The Tool Decathlon: Benchmarking Language Agents for Diverse, Realistic, and Long-Horizon Task Execution
Abstract
Real-world language agents must handle complex, multi-step workflows across diverse applications. For instance, an agent may manage emails by coordinating with calendars and file systems, or monitor a production database like BigQuery to detect anomalies and generate reports following a standard operating manual. However, existing language agent benchmarks often focus on narrow domains or simplified tasks that lack the diversity, realism, and long-horizon complexity required to evaluate agents' real-world performance. To address this gap, we introduce the Tool Decathlon (dubbed as Toolathlon), a benchmark for language agents offering diverse applications and tools, realistic environment setup, and reliable execution-based evaluation.
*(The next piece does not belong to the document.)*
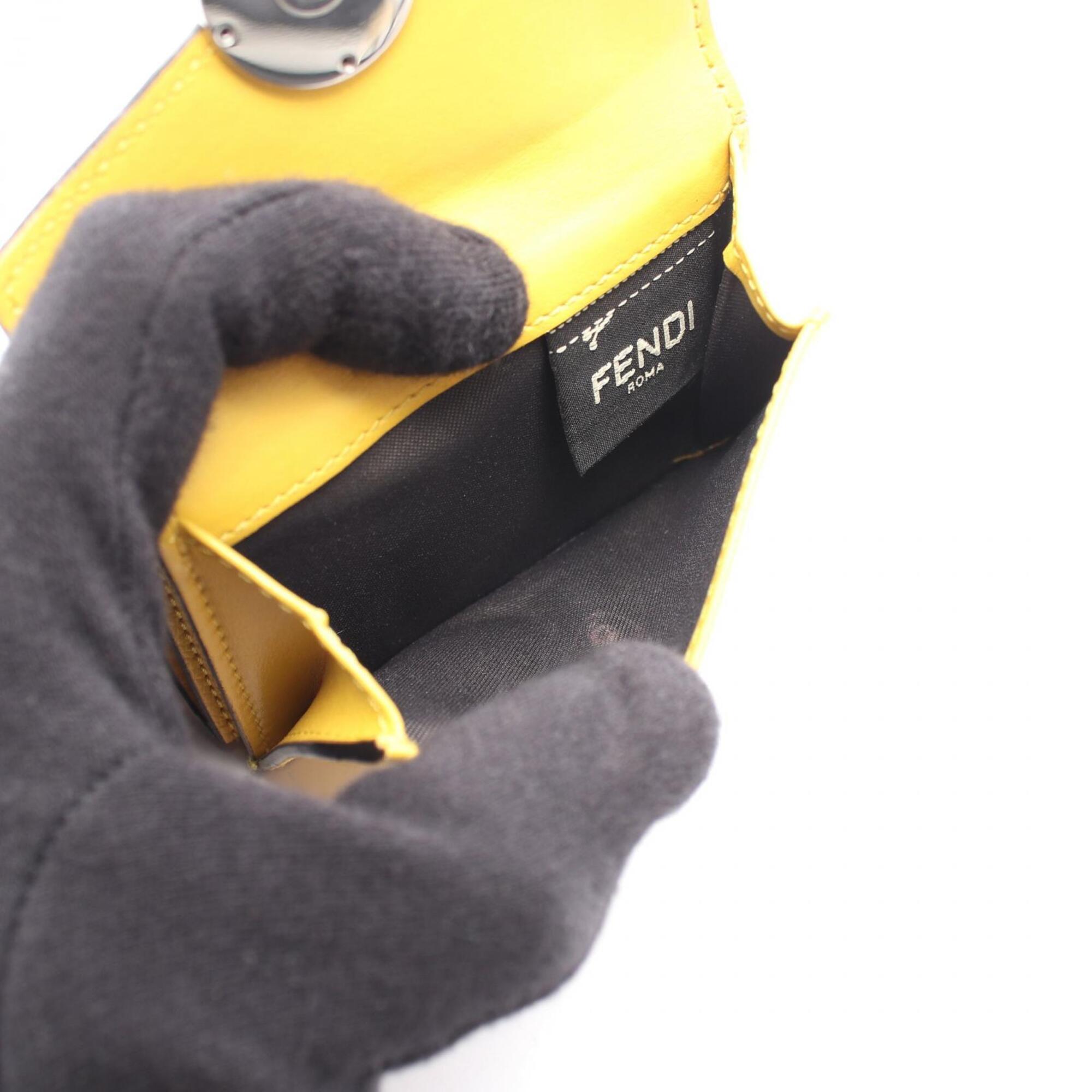 Fendi Yellow Leather Wallet (Tri-Fold) (Pre-Owned)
Toolathlon spans 32 software applications and 604 tools, ranging from everyday platforms such as Google Calendar and Notion to professional applications like WooCommerce, Kubernetes, and BigQuery. Most of the tools are based on a high-quality set of Model Context Protocol (MCP) servers that we may have revised or implemented ourselves. Unlike prior works, which primarily ensure functional realism but offer limited environment state diversity, we provide realistic initial environment states from real software, such as multiple Canvas courses each with dozens of students or real-world financial spreadsheets. The Toolathlon benchmark includes 108 manually sourced or crafted tasks in total, requiring interacting with multiple applications over ~20 interaction turns on average to complete. Each task is strictly verifiable through dedicated evaluation scripts. Comprehensive evaluation of state-of-the-art models highlights their significant shortcomings in performing real-world, long-horizon tasks: the best-performing model, Claude-4-Sonnet, achieves only a 29.9% success rate with 28 tool calling turns on average, while the top open-weights model DeepSeek-V3.1 reaches 13.9%. We expect Toolathlon to drive the development of more capable language agents for real-world, long-horizon task execution.